Непроизвольным движением души он этих тропинок искал в санаторском саду, но у клумб был другой очерк, и березы были размещены иначе, и просветы в их рыжей листве, налитые осенней синевой, никак не соответствовали рисунку тех памятных березовых просветов, на которые он эти вырезанные части лазури так и этак накладывал. Неповторим как будто был тот далекий мир, в нем бродили уже вполне терпимые, смягченные дымкой расстояния образы его родителей, и заводной поезд с жестяным вагоном, выкрашенным под фанеру, уходил жужжа под воланы кресла, и Бог знает, что думал при этом кукольный машинист, слишком большой для паровоза и потому помещенный в тендер.

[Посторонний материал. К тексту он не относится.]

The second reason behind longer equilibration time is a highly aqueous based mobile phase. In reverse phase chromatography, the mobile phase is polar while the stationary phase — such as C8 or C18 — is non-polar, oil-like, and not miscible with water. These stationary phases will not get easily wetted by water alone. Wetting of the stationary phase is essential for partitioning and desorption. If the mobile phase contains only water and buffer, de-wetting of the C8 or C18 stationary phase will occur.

Таково было детство, охотно посещаемое теперь мыслью Лужина. Затем шла другая пора, долгая шахматная пора, о которой и доктор и невеста говорили, что это были потерянные годы, темная пора духовной слепоты, опасное заблуждение,-- потерянные, потерянные годы. О них не следовало вспоминать. Там таился, как злой дух, чем-то страшный образ Валентинова. Ладно, согласимся, довольно,-- потерянные годы,-- долой их,-- забыто,-- вычеркнуто из жизни. И, если так исключить их, свет детства непосредственно соединялся с нынешним светом, выливался в образ его невесты. Она выражала собой все то ласковое и обольстительное, что можно было извлечь из воспоминаний детства,-- словно пятна света, рассеянные по тропинкам сада на мызе, срослись теперь в одно теплое, цельное сияние.

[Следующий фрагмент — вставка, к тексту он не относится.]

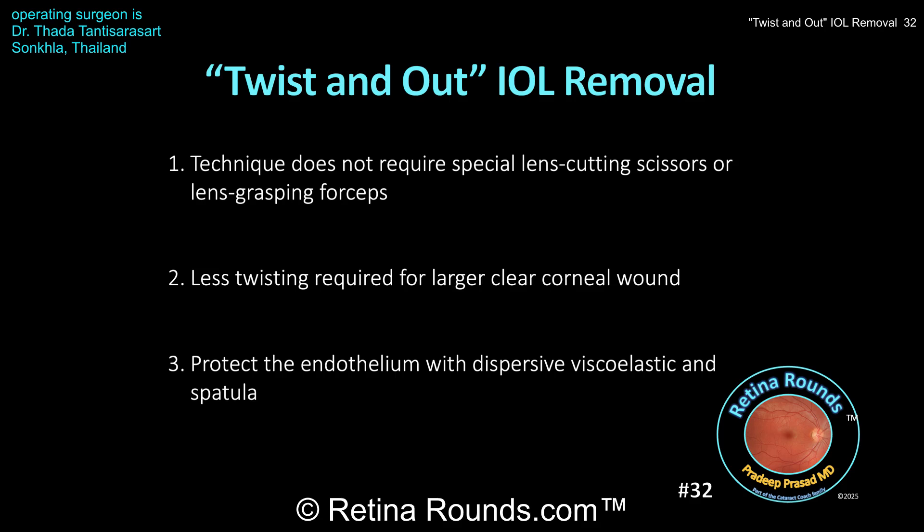When an IOL is being removed at the same time as part of the pars plana vitrectomy, regardless of the size of the clear corneal wound, I recommend closing that wound with a 10-0 nylon suture just to make sure that it's watertight. There can be some manipulation of the globe, especially with peripheral scleral depression, and you don't want any of those pressure dynamics causing the corneal wound to open. So that means you can use a larger wound in these cases, which can make it a little bit easier to remove this lens using this technique. The lens doesn't have to be twisted too much — just effectively in half or a little bit more than half to externalize through the clear corneal wound.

"Радуешься?-- уныло спросила мать, глядя на ее оживленное лицо.-- Скоро сыграем свадьбу?" "Скоро,-- ответила она и бросила свою кругленькую серую шляпу на диван.-- Во всяком случае он на днях оставит санаторию". "Здорово твоему отцу влетит,-- марок тысяча". "Я сейчас по всем книжным магазинам рыскала,-- вздохнула дочь.-- Он непременно требовал Жюль Верна и Шерлока Холмса. И оказывается, что он никогда не читал Толстого". "Конечно-- он мужик,-- пробормотала мать,-- Я всегда это говорила". "Слушай, мама,-- сказала она, слегка хлопая перчаткой по пакету с книгами,-- давай условимся. С сегодняшнего дня больше никаких таких милых замечаний. Это глупо, унизительно для тебя и, главное, совершенно ни к чему". "Не выходи ты за него замуж,-- изменившись в лице, проговорила мать.-- Не выходи. Умоляю тебя. Ну, хочешь,-- я бухнусь перед тобой на колени..." И, опираясь одной рукой о кресло, она стала с трудом сгибать ногу, медленно опуская свое большое, слегка похрустывавшее тело. "Пол продавишь",-- сказала дочь и, захватив книги, вышла из комнаты.